And when we "laugh"about something like obesity, isn't that a way of accepting and approving it?


----------



## Bellyman (Jul 6, 2013)

I must have really missed something. I even went back and read through the thread again. 

I didn't see anyone laughing about obesity. (??)


----------



## Terri (May 10, 2002)

The underlying message I am seeing on this thread is that one binge will not ruin your diet unless you let it. People are not laughing at obesity, people are saying that it is the long run that counts. They are putting one break in a diet in perspective.
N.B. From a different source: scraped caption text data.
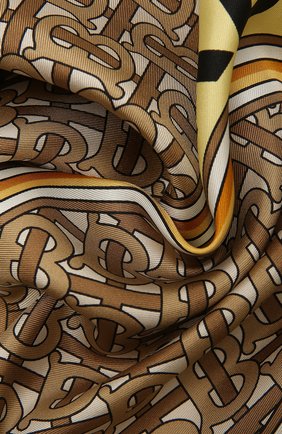 Женский шелковый платок BURBERRY бежевого цвета, арт. 8041760 | Фото 2 (Материал: Текстиль, Шелк; Принт: С принтом)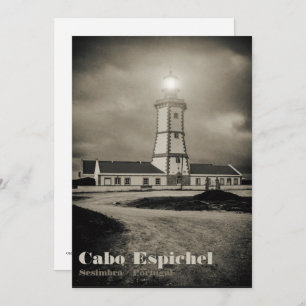 Carte De Remerciements Vieux phare la nuit de la tempête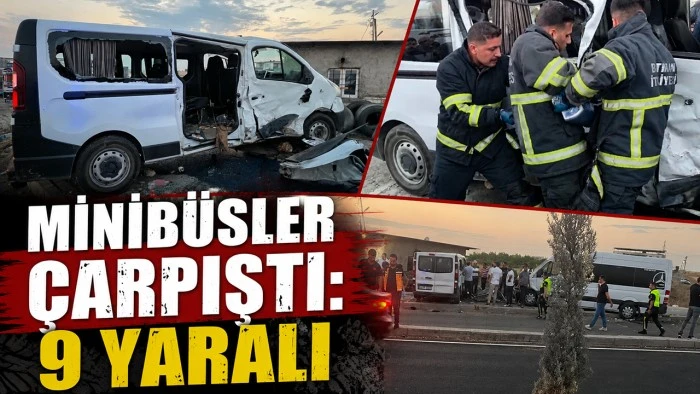 MİNİB&Uuml;SLER KAFA KAFAYA GELDİ: 9 YARALI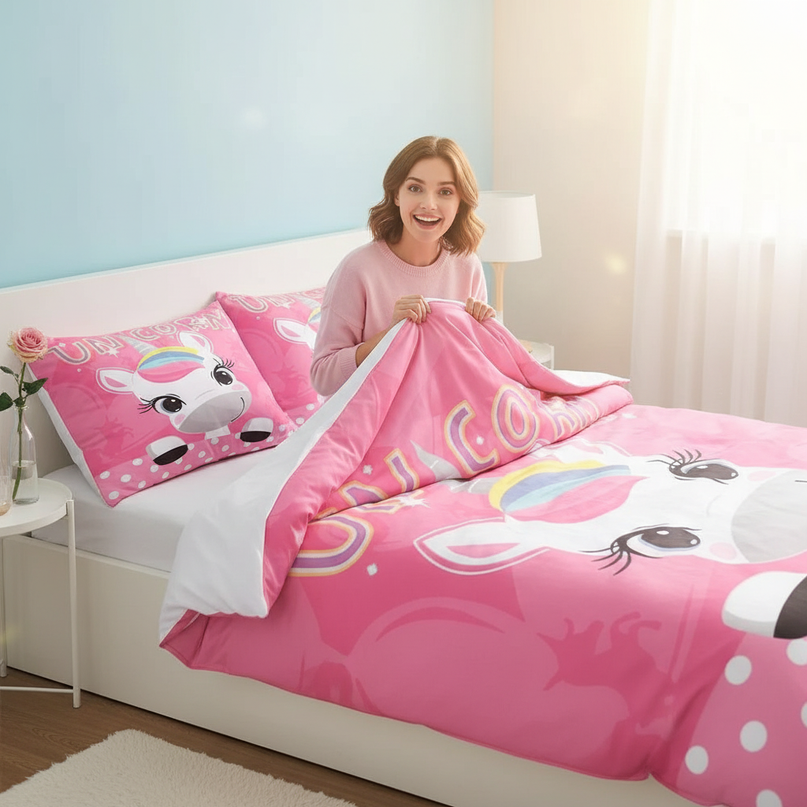 pink polka dot unicorn bedding - in-use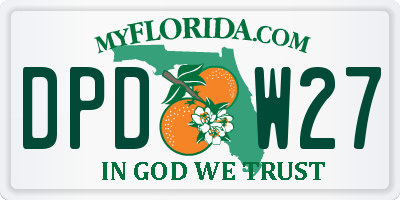 FL license plate DPDW27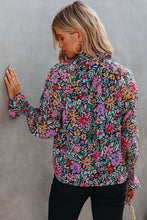 Load image into Gallery viewer, Multicolor Floral Print Ruffled Long Sleeve V-Neck Blouse
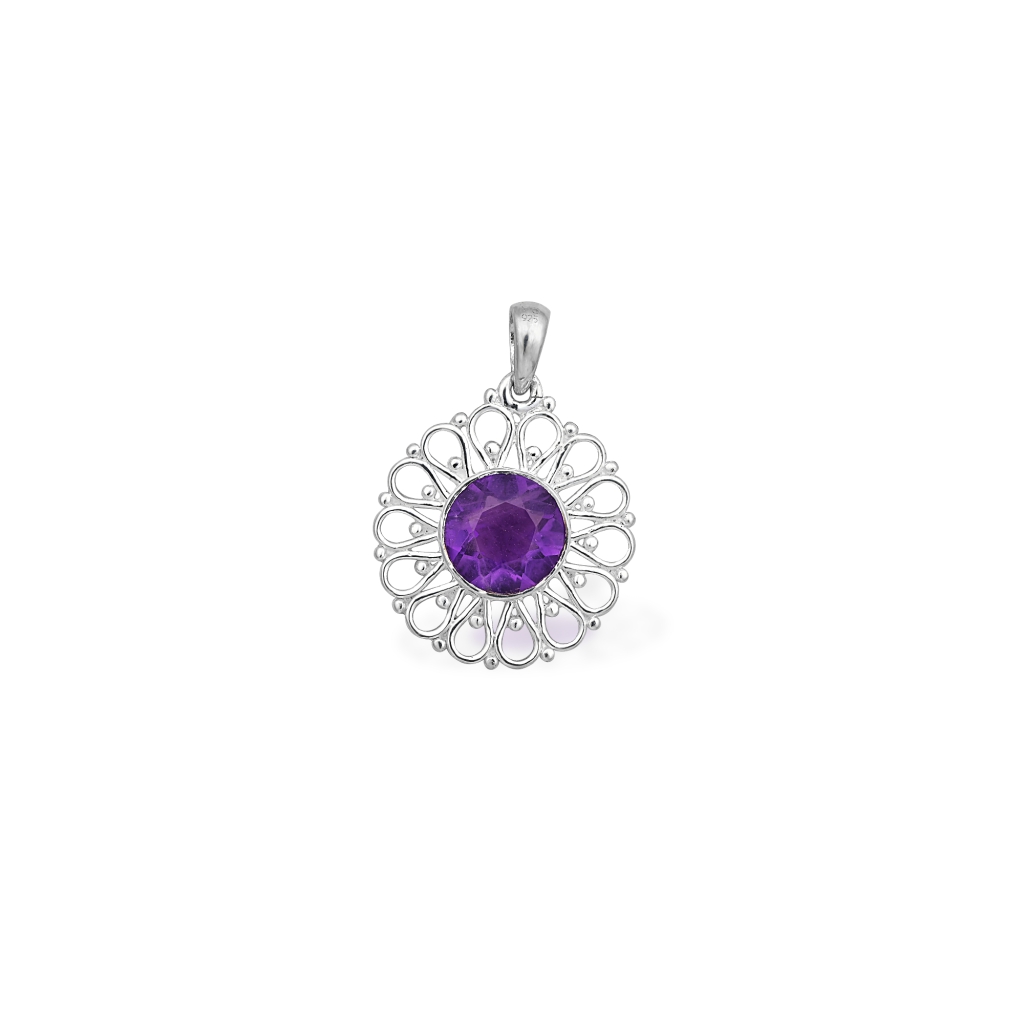 Natural Amethyst Birthstone Flower Silver Pendant Necklace
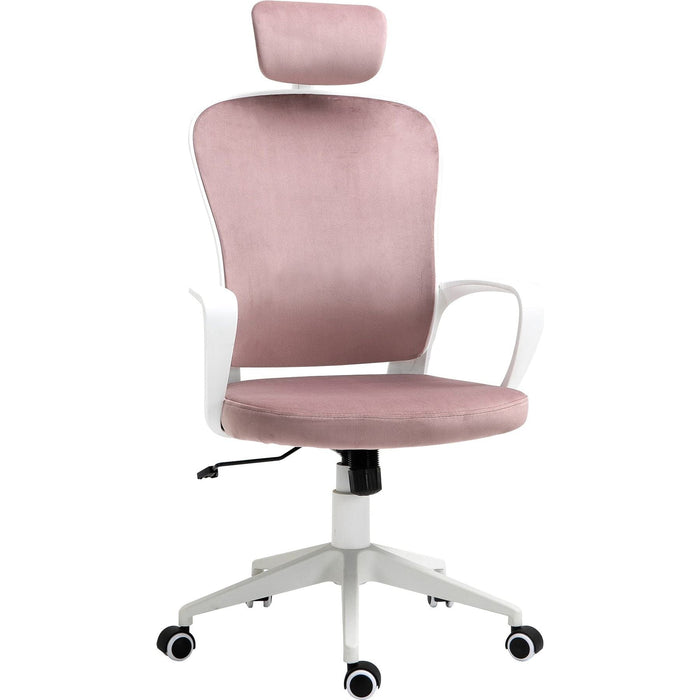 Vinsetto High-Back Office Chair with Velvet Style Fabric Upholstery - Pink/White - Green4Life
Laughing does not necessarily mean that it is not taken seriously. Laughter can be a way to put things in perspective. One wrong meal does not ruin many weeks of hard work unless you decide that you are unable to stay on a diet. So, people shared their own mistakes to put things in perspective: it is the long run that is critical, not one meal

Laughing is a coping method: ask any comedian. There is a reason comedy was so popular during the great Depression. Laughing does not signify a lack of caring.


----------



## Wolf mom (Mar 8, 2005)

Thank you Terri. 
If I felt guilty over every mistake I made, I'd be a thousand pounds. Acknowledging what I did, accepting my mistake and moving on seems to work. 

Lots of people eat to suppress their emotions - guilt being one of them.


----------